The hypervisor advantage

5 mins read

Operating Systems (OSs) like Linux and Android are widely used in embedded systems but being large, complex and inevitably containing numerous flaws once compromised, an attacker can violate the security and take control of the whole system.

A method for improving the security of these systems is to use a hypervisor based on a secure microkernel that guarantees separation between the system software components. The microkernel is a secure layer of software below the OS that runs at a higher privilege level than the OS and virtualizes the hardware resources, the hypervisor allows the guest OS to run as it would directly on hardware. Because of the higher privilege level, the integrity of the system remains intact even if the guest OS is compromised. A hypervisor that is designed to be secure and reliable from the ground up offers significant advantages over hardware for implementing low-level security. Also, it can provide multiple levels of privilege so that a service with sensitive data could run in an isolated “compartment”, or partition, alongside a service with less sensitive information.

Since it is virtually impossible to test millions of lines of code, it is inevitable that Linux and Android will continue to contain security vulnerabilities and software bugs. Also, the increasingly interconnected nature of embedded systems allows hackers to exploit those vulnerabilities. To make such systems more secure, the first requirement is to lockdown and control capabilities of the whole device. Using a multilevel protection approach like Multiple Independent Levels of Security (MILS) is one way to ensure systems, running vulnerable operating systems, remain secure.

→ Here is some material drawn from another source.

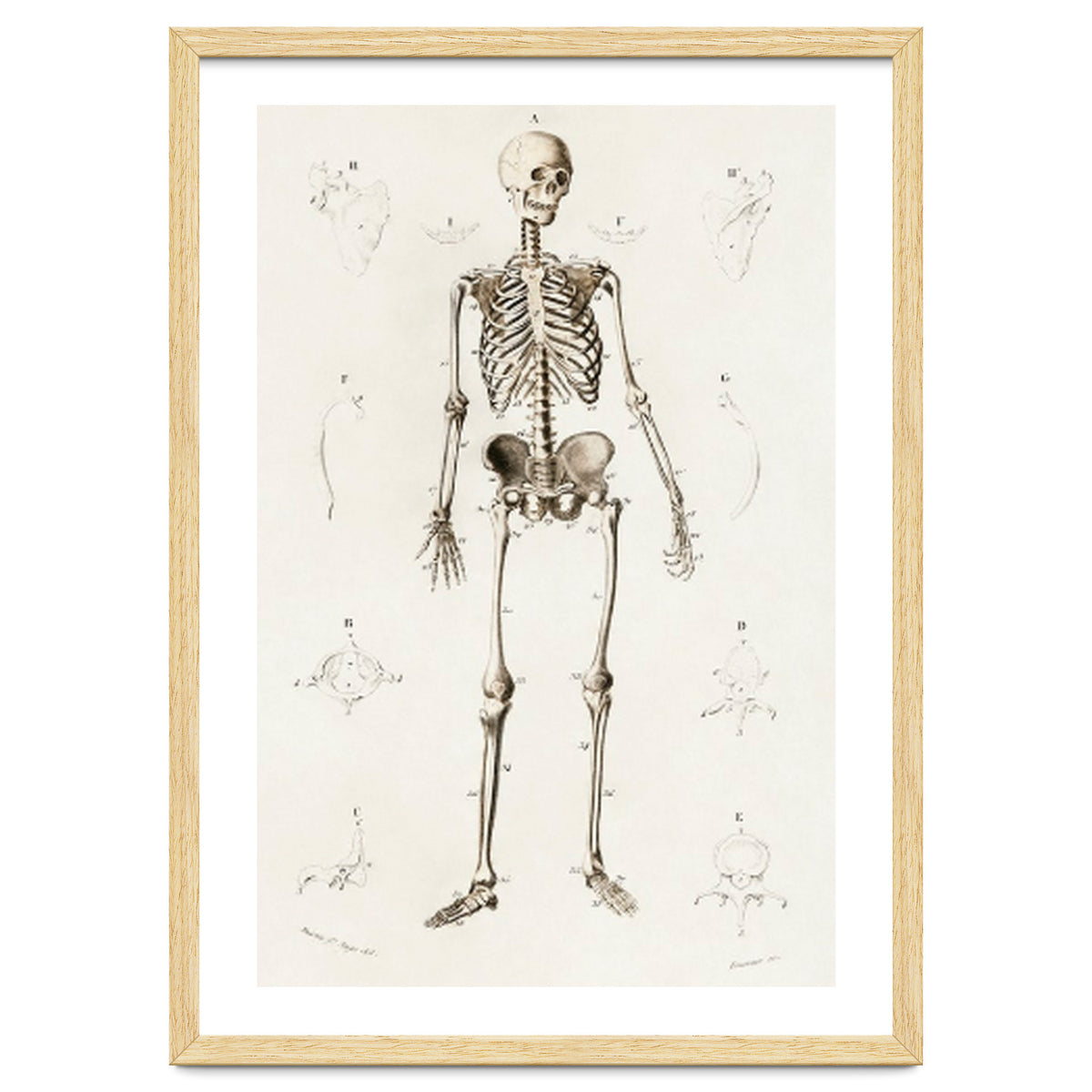 Human skeleton illustrated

This is where virtualization comes into play: it provides the ability to run an operating system, named Guest, on top of another operating system, named Host. The hypervisor provides the virtualization environment to the Guest. As a hypervisor proceeds with the execution of the various Guest OSes on the system, it keeps the isolation in place, providing security comparable to physical separation.

The Separation Kernel

On a parallel note, the best-in-class OS design for both safety and security is accepted to be a Separation Kernel, a system where only the minimum amount of code is running at the highest level of privilege. The Separation Kernel consists of "compartments" named partitions. A software process runs in each of these partitions. Inside the partition, the separation is not guaranteed – if there are flaws, or it becomes compromised, this cannot pass outside the partition and change the operation or behaviour of other partitions or the separation kernel itself.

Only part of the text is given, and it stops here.